Beginning with the line that holds "4651 Gulf Shore Boulevard N - Photo 35" in the data below, give again every line through the one that holds "causes des cheveux fins fins", exactly as written.

== Extracted information

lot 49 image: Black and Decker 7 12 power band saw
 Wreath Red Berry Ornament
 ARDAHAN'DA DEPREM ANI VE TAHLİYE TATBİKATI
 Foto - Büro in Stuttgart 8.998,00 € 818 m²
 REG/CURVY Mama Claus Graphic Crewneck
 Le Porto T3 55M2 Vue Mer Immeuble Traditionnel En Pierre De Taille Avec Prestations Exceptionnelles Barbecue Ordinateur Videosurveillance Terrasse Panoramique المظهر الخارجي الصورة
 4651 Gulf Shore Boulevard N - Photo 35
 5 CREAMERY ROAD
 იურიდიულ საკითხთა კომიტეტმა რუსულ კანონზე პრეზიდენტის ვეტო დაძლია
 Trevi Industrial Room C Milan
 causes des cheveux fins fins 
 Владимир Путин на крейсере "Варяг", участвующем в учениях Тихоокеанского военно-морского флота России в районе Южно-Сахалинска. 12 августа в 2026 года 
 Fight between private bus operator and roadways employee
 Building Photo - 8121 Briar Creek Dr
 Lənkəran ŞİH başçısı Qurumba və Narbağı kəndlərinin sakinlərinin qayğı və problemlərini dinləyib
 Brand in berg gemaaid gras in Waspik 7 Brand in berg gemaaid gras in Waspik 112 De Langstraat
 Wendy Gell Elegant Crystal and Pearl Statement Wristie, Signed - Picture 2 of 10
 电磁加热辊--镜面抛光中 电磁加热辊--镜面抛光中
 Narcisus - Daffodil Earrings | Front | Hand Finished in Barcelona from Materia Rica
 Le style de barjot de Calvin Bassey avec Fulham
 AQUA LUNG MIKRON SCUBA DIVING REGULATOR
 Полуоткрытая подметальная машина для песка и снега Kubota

====

▶ [Problem solution]:
 4651 Gulf Shore Boulevard N - Photo 35
 5 CREAMERY ROAD
 იურიდიულ საკითხთა კომიტეტმა რუსულ კანონზე პრეზიდენტის ვეტო დაძლია
 Trevi Industrial Room C Milan
 causes des cheveux fins fins 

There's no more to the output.